Notice on the bottom figure that equal distances on the vertical axis now indicate equal percentage increases or ratios. The ratio 100/10, for example, is the same as the ratio 1,000/100. You can now see at a glance that if stock prices move the same vertical distance over the same length of time (as measured by the horizontal distance) then the percentage increase was the same. For example, we have superimposed two identical red triangles to show that the percentage increase in stock prices between 1950 and 1958 was about the same as between 1982 and 1990. The red triangles are identical so over the same 8-year period, given by the horizontal length of the triangle, the run, the S&P 500 rose by the same vertical distance, the rise. Recall that the slope of a line is given by the rise/run. Thus, we can also say that on a ratio graph, equal slopes mean equal percentage growth rates.

The log scale or ratio graph reveals more clearly than our earlier graph that stock prices increased from 1950 to the mid-1960s but were then flat throughout the 1970s and did not begin to rise again until after the recession in 1982. We use ratio graphs for a number of figures throughout this book to better identify patterns in the data.

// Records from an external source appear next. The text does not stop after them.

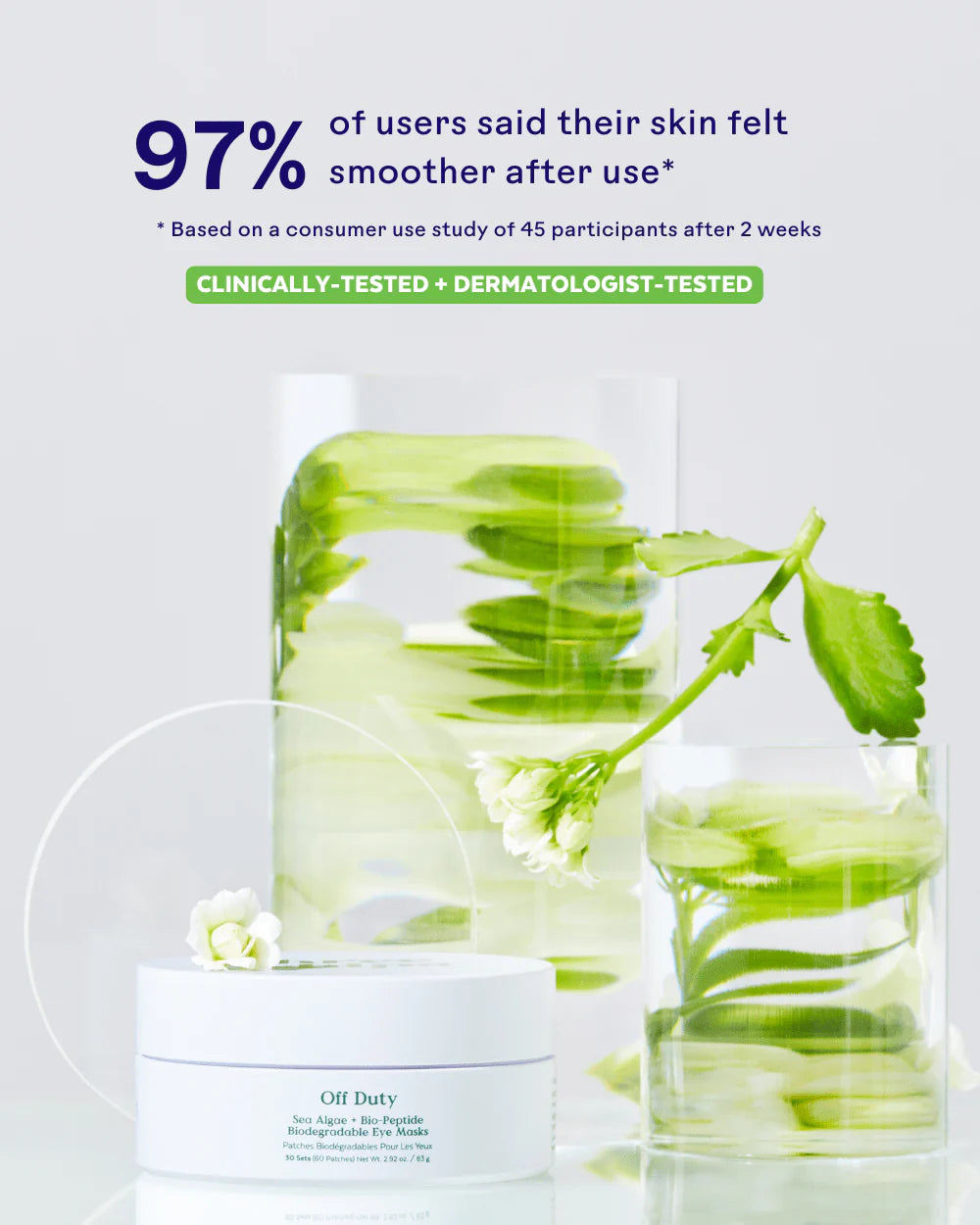 THREE SHIPS OffDuty™ Sea Algae + Bio-Peptide Smoothing Biodegradable Eye Masks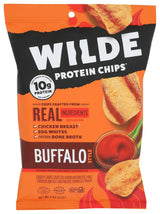 Wilde Snacks Buffalo Protein Chips 4oz Single-Serve – Travel-Friendly Snack for Business Trips and Commutes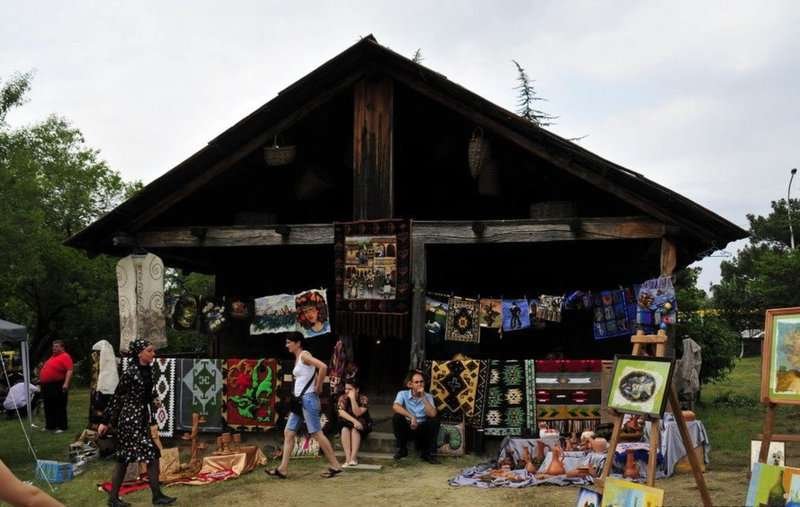 People at the Art Gene Festival fair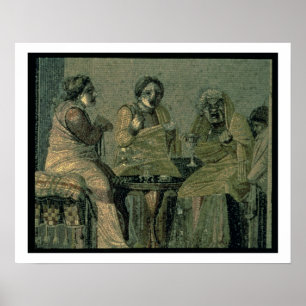 Wise woman and her patients, from the Villa Cicero Poster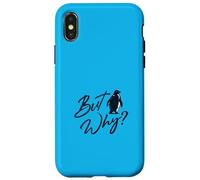 Carcasa para iPhone X/XS Pero, ¿por qué? De la Historia Viral del pingüino Solitario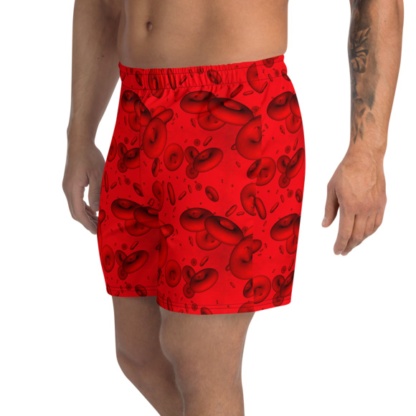 Red Blood Cells Men’s Athletic Shorts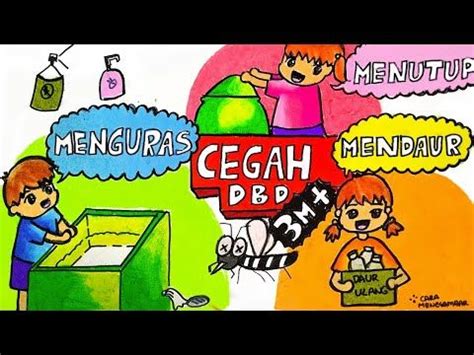 Louis, virus ensefalitis jepun, virus ensefalitis kutu, virus penyakit hutan kyasanur, dan virus demam hemoragik omsk. Cara Menggambar dan Mewarnai Poster Tema Melawan DBD Demam ...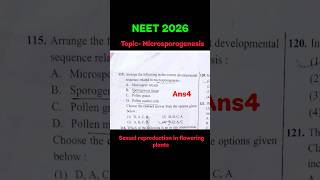Sexual reproduction in flowering plants||NEET 2026 Biology #ytshorts #neet2026 #neetexam #viralshort
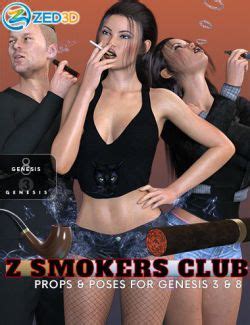 Z Smoke And Cigars Props And Poses For Genesis D Models For Daz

Graphs are also very useful for suggesting possible relationships between two variables. In the macroeconomics section, for example, we present evidence that labor employment laws in much of Western Europe that make it difficult to fire workers also raise the costs of hiring workers. As a result, the percentage of unemployment that is long term in Europe tends to be very high. To show this relationship, we graphed an index called the “rigidity of employment index,” produced by the World Bank. The rigidity of employment index summarizes hiring and firing costs as well as how easy it is for firms to adjust hours of work (e.g., whether there are restrictions on night or weekend hours). A higher index number means that it is more expensive to hire and fire workers and more difficult to adjust hours. We then graphed a country’s rigidity of employment index against the share of a country’s unemployment rate that is long term (lasting more than a year).

The data for this graph are shown in Figure A.8.

A-8

We can do something else of interest with this data. If you right-click on any of the data points in the figure, you will get the option to “Add Trendline.” Clicking on this and then clicking the two boxes “Linear” and “Display Equation on Chart” produces Figure A.9 (absent the red arrow, which we added for clarity).

The black line is the linear curve that “best fits” the data. (Best fit in this context is defined statistically; we won’t go into the details here but if you take a statistics class you will learn about ordinary least squares.) Excel also produces for us the equation for the best-fit line, Y = 0.4987 × X + 13.726. Do you remember from high school the formula for a straight line, Y = m × X + b? In this case m, the slope of the line or the rise/run is 0.4987 and b, the intercept, is 13.726. The slope tells us that a 1 unit increase in the rigidity of employment index (a run of 1) increases the share of unemployment that is long term by, on average, 0.4987 percentage points (a rise of 0.4987). Using the equation, you can substitute any value for the index to find a predicted value for the share of long-term unemployment. If the rigidity of employment index is 15, for example, then our prediction for the long-term unemployment share is 21.2065 = 0.4987 × 15 + 13.726 If the index is 55, our prediction for the long-term unemployment share is 41.1545 = 0.4987 × 55 + 13.726.